And with that, the essentials were covered. There was plenty of time left, in fact, to touch on the team (the fact that they were serial entrepreneurs made their credentials worth mentioning) and initial traction. Finally, Desch had a clear answer for all questions, using examples to illustrate his replies.

Pioneers ’18 winner, SzeleSTIM:

Watch the video here, from 25m20s.

Instead of an interactive question or a profound statement, the year’s ultimate winner Stefan Kampusch grabbed the audience with an eye-opening statistic. Not only was it impactful, but he made you sit up and take notice even more by coupling that ‘problem statistic’ with a bold solution statement.

‘There are 190 deaths per day due to opiate misuse. We are solving this,’ was all Kampusch said to get the crowd on his side.

Judging by the feeling in the room at that point, that was half the battle won. After this stark setup, the SzeleSTIM Co-Founder then added the essential details about that problem and how his company’s solution would take it down. This was simply a case of going a layer or two deeper into detail – and because people understood the first layer, they were more likely to listen to that detail.

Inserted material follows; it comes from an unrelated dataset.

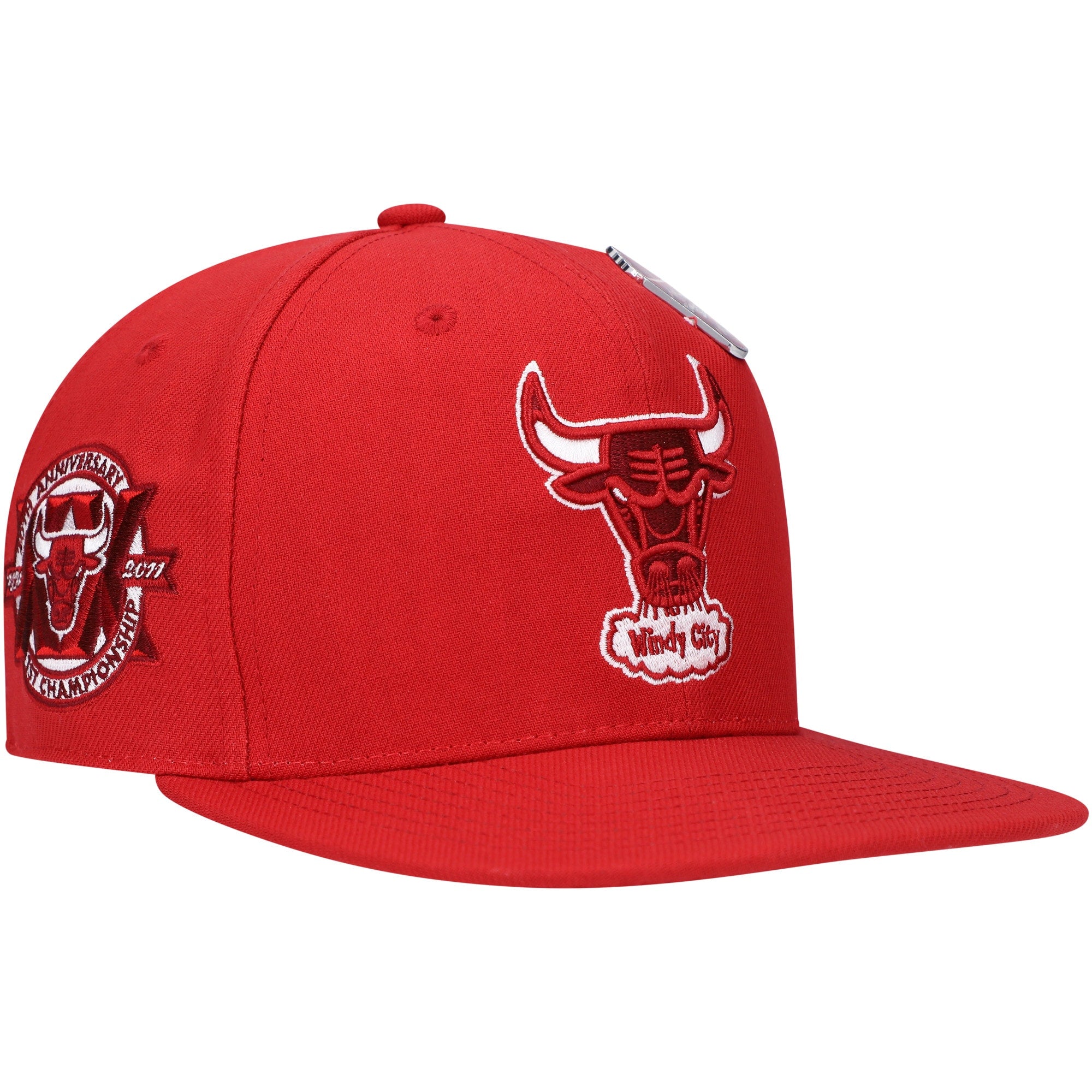 Chicago Bulls Mitchell & Ness Hardwood Classics 20th Anniversary Cherry Bomb Fitted Hat - Red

As with Stromkind the year before, the startup illustrated the solution in the best possible was by bringing their (considerably smaller) piece of hardware on stage. The ‘vagus nerve’ technology that was key to its functionality, however, was summed up in just a line. As has so often proved to be the case with our winning startups, more detail wasn’t required in the pitch.

The rest of the presentation built on that foundation with an overview of the go to market plan and the team.